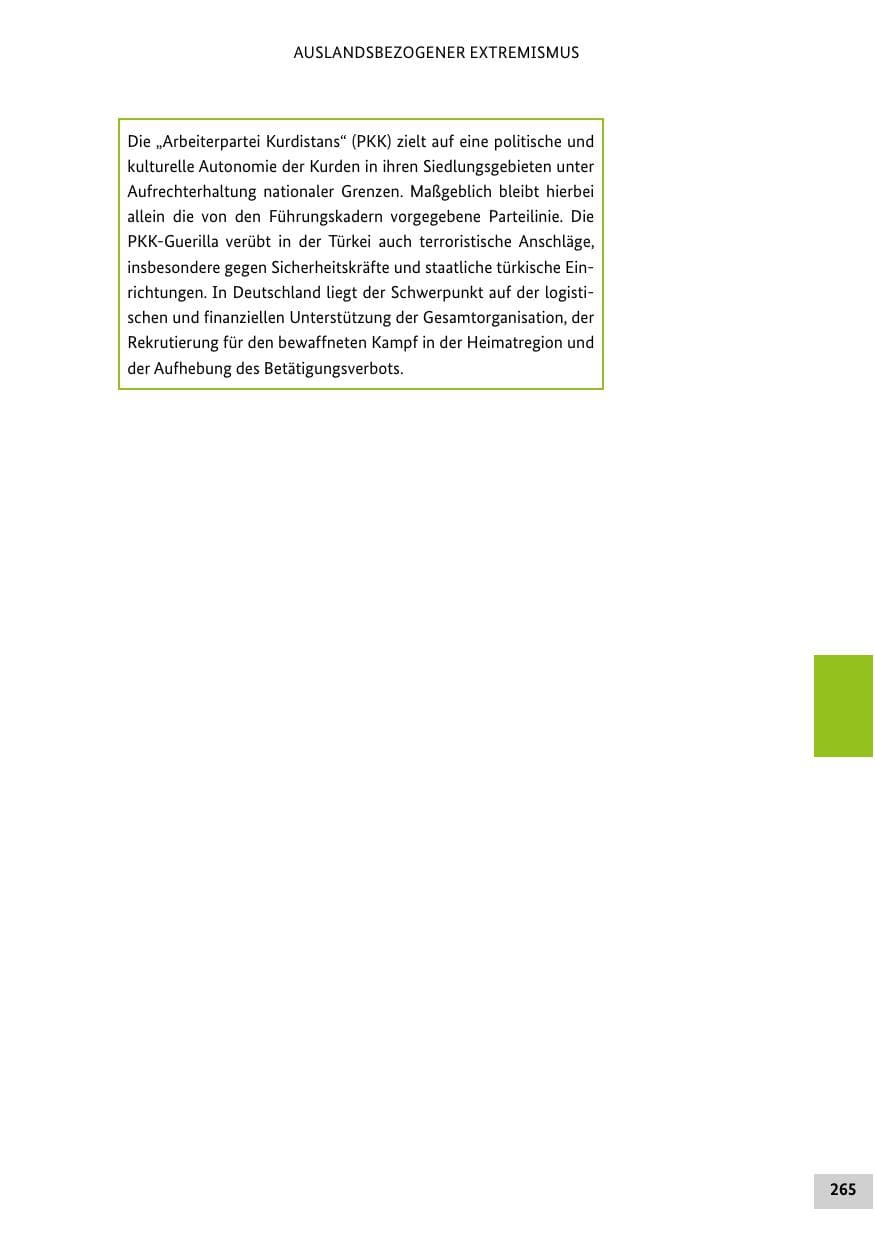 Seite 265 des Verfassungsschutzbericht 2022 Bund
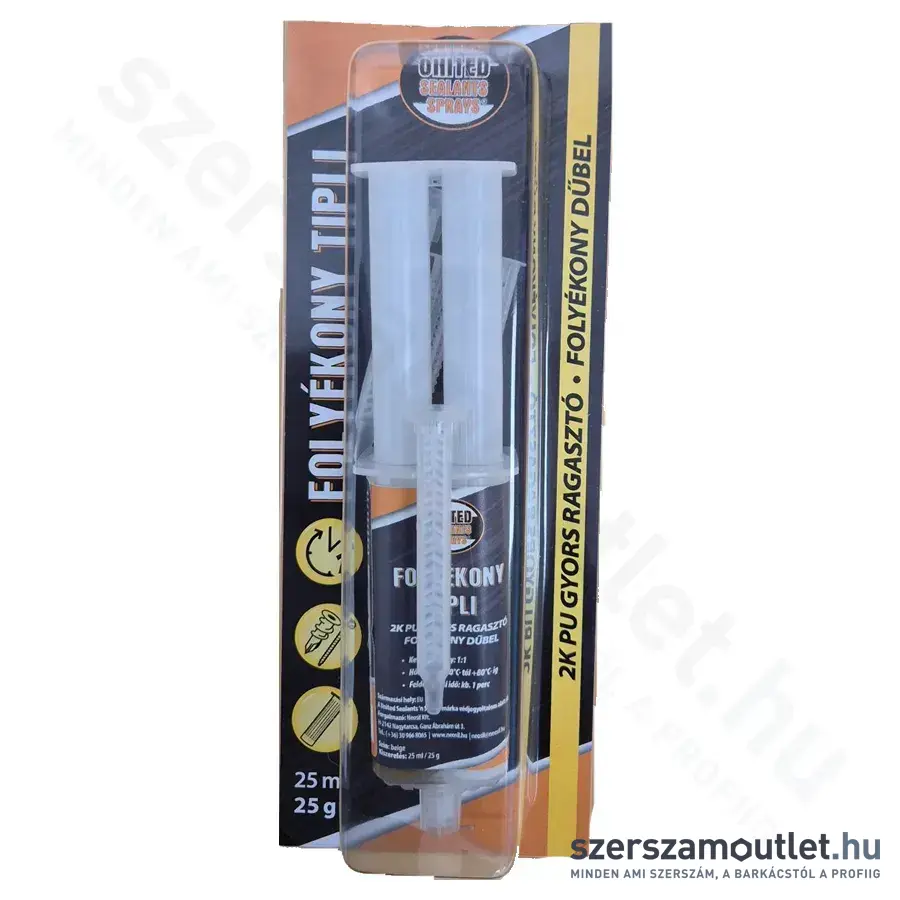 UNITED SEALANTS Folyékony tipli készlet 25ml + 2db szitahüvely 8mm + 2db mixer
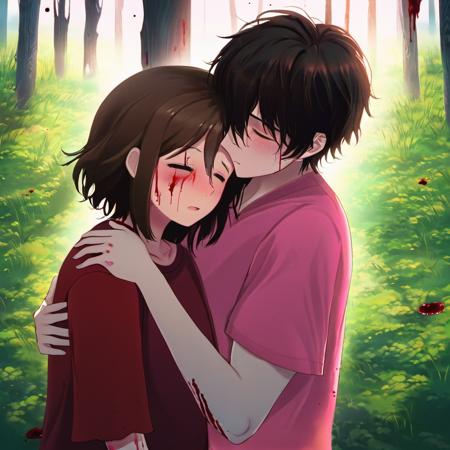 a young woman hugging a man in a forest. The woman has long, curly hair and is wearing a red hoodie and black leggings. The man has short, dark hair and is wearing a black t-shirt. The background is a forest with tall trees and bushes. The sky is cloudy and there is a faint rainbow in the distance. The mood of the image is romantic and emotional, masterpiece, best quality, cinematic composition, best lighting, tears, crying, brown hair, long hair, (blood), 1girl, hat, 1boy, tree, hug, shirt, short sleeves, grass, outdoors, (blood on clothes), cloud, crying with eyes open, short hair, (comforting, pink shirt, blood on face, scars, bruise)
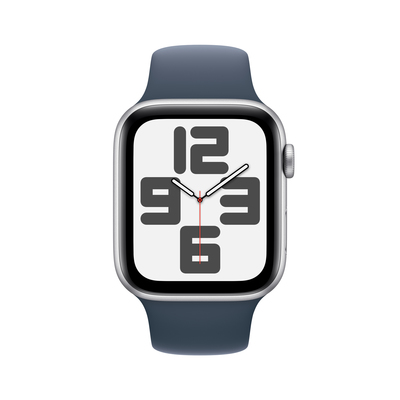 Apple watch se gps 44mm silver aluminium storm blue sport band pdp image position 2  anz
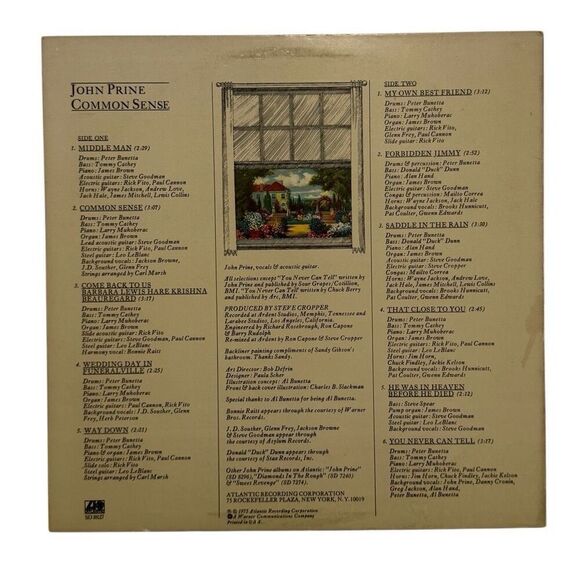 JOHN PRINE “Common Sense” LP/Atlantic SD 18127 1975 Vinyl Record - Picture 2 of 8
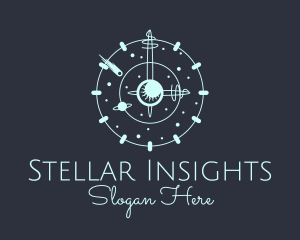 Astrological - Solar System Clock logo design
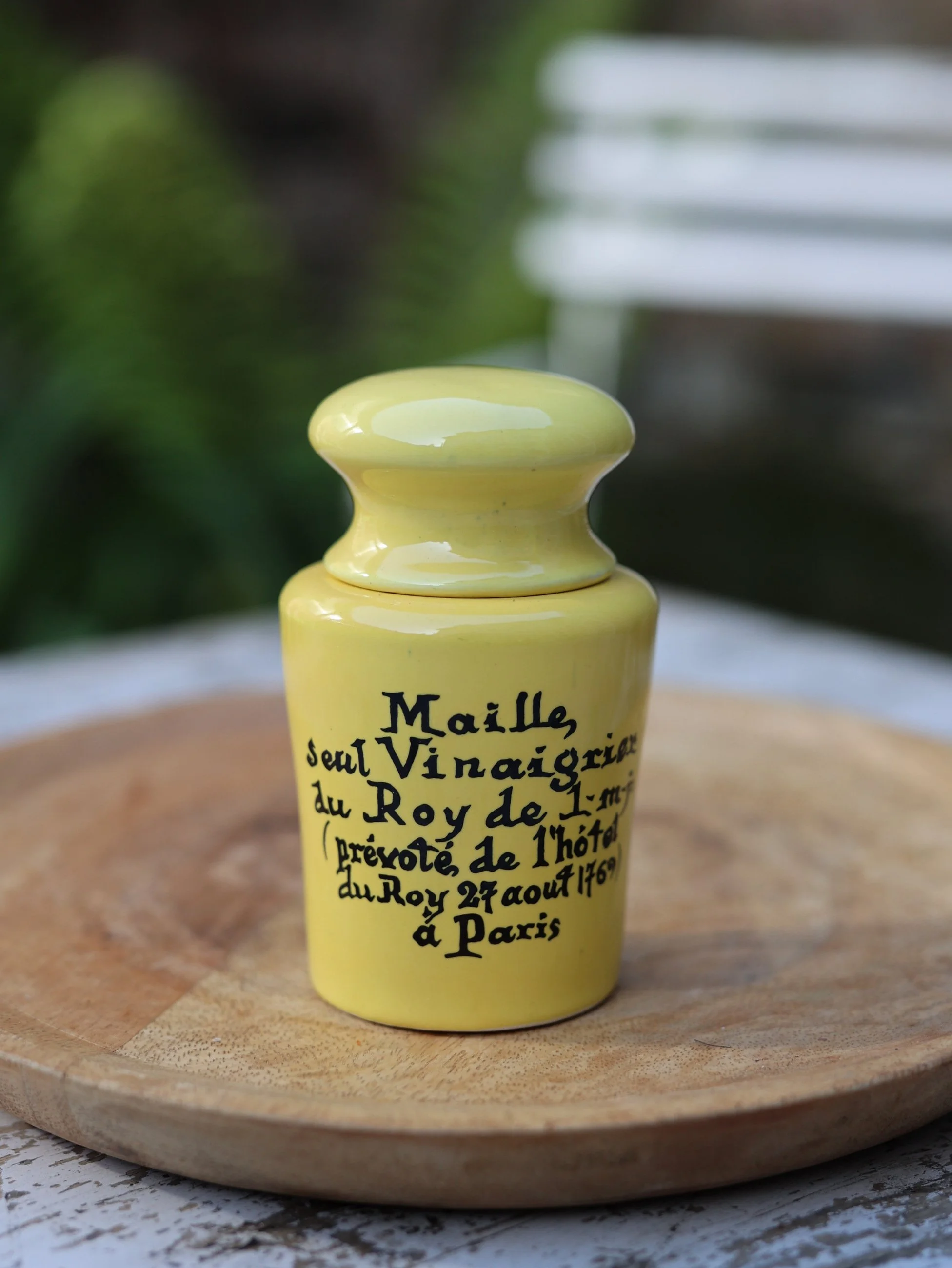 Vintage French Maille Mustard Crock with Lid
--*--
§ ASSIGNED TASK
What is needed here is an exact transcription of every record above, with images excluded.

§ REPLY
 Seite 265 des Verfassungsschutzbericht 2022 Bund
 UNITED SEALANTS Folyékony tipli készlet 25ml + 2db szitahüvely 8mm + 2db mixer
 a young woman hugging a man in a forest. The woman has long, curly hair and is wearing a red hoodie and black leggings. The man has short, dark hair and is wearing a black t-shirt. The background is a forest with tall trees and bushes. The sky is cloudy and there is a faint rainbow in the distance. The mood of the image is romantic and emotional, masterpiece, best quality, cinematic composition, best lighting, tears, crying, brown hair, long hair, (blood), 1girl, hat, 1boy, tree, hug, shirt, short sleeves, grass, outdoors, (blood on clothes), cloud, crying with eyes open, short hair, (comforting, pink shirt, blood on face, scars, bruise)
 Apple watch se gps 44mm silver aluminium storm blue sport band pdp image position 2  anz
 JOHN PRINE “Common Sense” LP/Atlantic SD 18127 1975 Vinyl Record - Picture 2 of 8
 Astrological - Solar System Clock logo design
 Vintage French Maille Mustard Crock with Lid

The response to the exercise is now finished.